In Stringer's view, this would make any victory over Marlo worthless, as street corners generate no money without drugs to sell on them. When Stringer asserts his opposition to Avon's war against Marlo, Avon accuses him of lacking the masculinity necessary for their business. Stringer angrily rebuts by revealing that he had ordered D'Angelo's death. Stringer's relationship with Avon is irreparably damaged by this revelation.

Stringer's inroads into real estate are hamstrung by the nuances of a legitimate business world that he does not fully understand, with his condominium project repeatedly delayed by bureaucratic obstacles. Worse, Stringer bribes Davis to connect his organization with federal housing grants, only to learn that Davis had fabricated his federal contact and pocketed the money. Enraged, Stringer tells Slim Charles to assassinate Davis, an order Avon immediately rescinds.

Stringer's luck takes a turn for the worse when Williamson joins the New Day Co-Op and McNulty manages to get the MCU to shift focus back to the Barksdales. Freamon and Prez slowly gather conspiracy evidence against Stringer and his lieutenants, and eventually catch Stringer making an incriminating phone call using one of his many SIM cards. This finally gives MCU enough evidence to make a move against Stringer.

Stringer plans to stabilize control of the Barksdales by sending Avon back to prison for parole violations. In making those plans he betrays the location of the Barksdale weapons cache to Major Howard "Bunny" Colvin. Stringer is simultaneously betrayed by Avon, when Mouzone confronts him about Stringer's plot to engineer a conflict between himself and Omar. In an effort to avoid a war with Mouzone and his New York associates, Avon reluctantly tells him Stringer's whereabouts.

The next day, Omar and Mouzone track Stringer to his development site, kill his bodyguard, and hunt him down and corner him as he tries to escape. Stringer at first tries desperately bargaining for his life, but when Omar reveals that he and Mouzone are after him for personal reasons, and that Avon has betrayed him, he somberly resigns himself to his fate and is shot to death by Omar and Mouzone.

With Stringer dead and Avon imprisoned, the Barksdale Organization crumbles. Slim Charles becomes the de facto leader of what remains of the crew, which he merges with Proposition Joe's drug operations. Marlo becomes the new power player in West Baltimore by default. McNulty and the police search Stringer's apartment and find it extremely clean, stylishly furnished, and tastefully decorated, far from their expectations of a drug kingpin. Stringer's bookshelf includes a copy of The Wealth of Nations.

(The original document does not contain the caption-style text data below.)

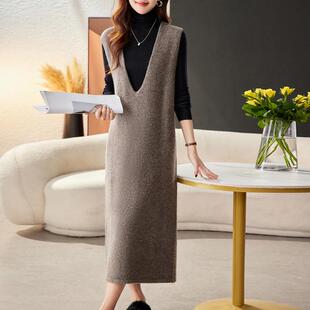 超长款过膝无袖马甲背心女中长款外穿毛衣裙宽松大码女装羊毛衫冬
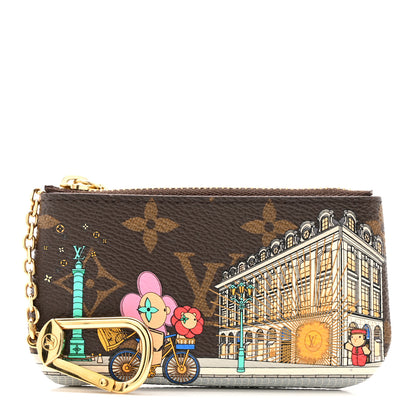 Louis Vuitton Monogram 2022 Christmas Animation Paris Key Pouch Pink 1 of 10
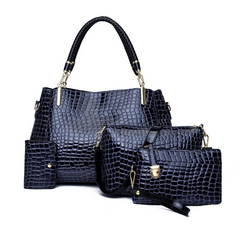 4pcs Crocodile Embossed Tote Bag Set Women's Handbag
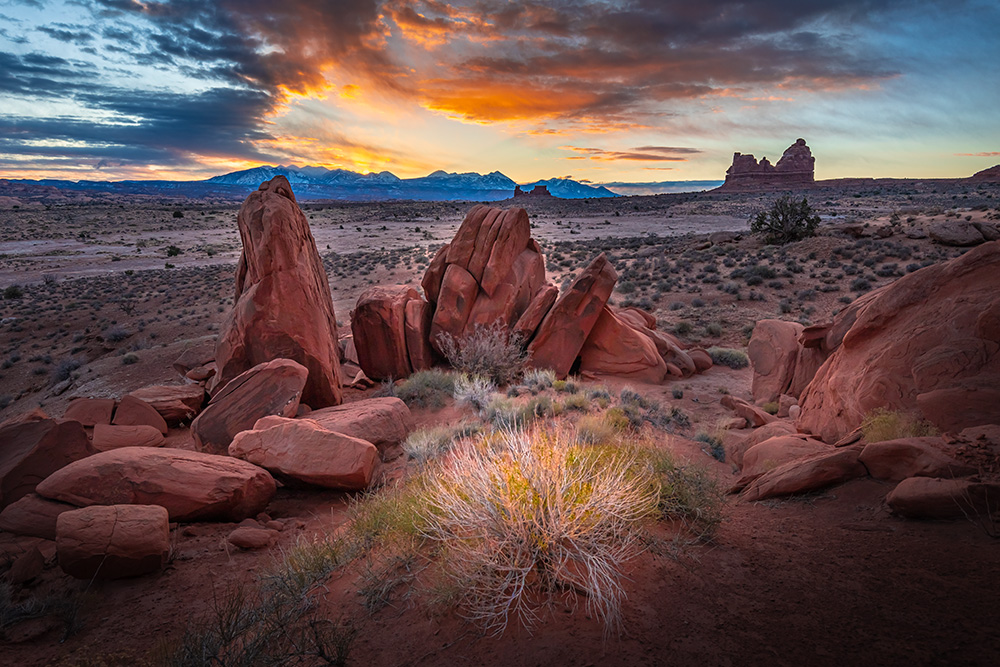 Crack of dawn at Arches National Park.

McNulty expresses regret that he could not arrest his archrival before he died, and displays an odd admiration for Stringer's lofty dreams and a grudging respect for his talent as a drug kingpin. In essence, McNulty feels purposeless without his adversary, and it is this sense of aimlessness that leads him to transfer to patrol in the Western District and straighten his life out.

==Legacy==
In the season 5 episode "Late Editions", Clay Davis, while describing to Lester Freamon how drug money is routed from the kingpins to state and city politicians through their lawyers, mentions how he conned a fellow named "Bell" into giving him a great deal of money, because Davis had convinced him that he would be able to use his connections to push his development forward quickly. As Davis laughs about how he conned Stringer, Freamon's eyes light up in recognition.

==Origins==

Stringer Bell's name is a composite of real Baltimore drug lords Stringer Reed and Roland Bell. His story bears many similarities to the life of Kenneth A. Jackson, including his crossover from the illegal drug trade to legitimate business ownership and political contributions.

==In popular culture==

In 2019, political writer Adam Serwer apparently coined the term "The Stringer Bell Rule" for the adage "don't keep notes on a criminal conspiracy". Bell's line "is you taking notes on a criminal fucking conspiracy?" from the Season 3 episode "Straight and True" was cited as early as 2017 to express incredulity at the Trump team's documented interactions with Russia during his 2016 election campaign, and in 2013 as advice for JPMorgan after a spreadsheet listing alleged improprieties was found during a criminal investigation.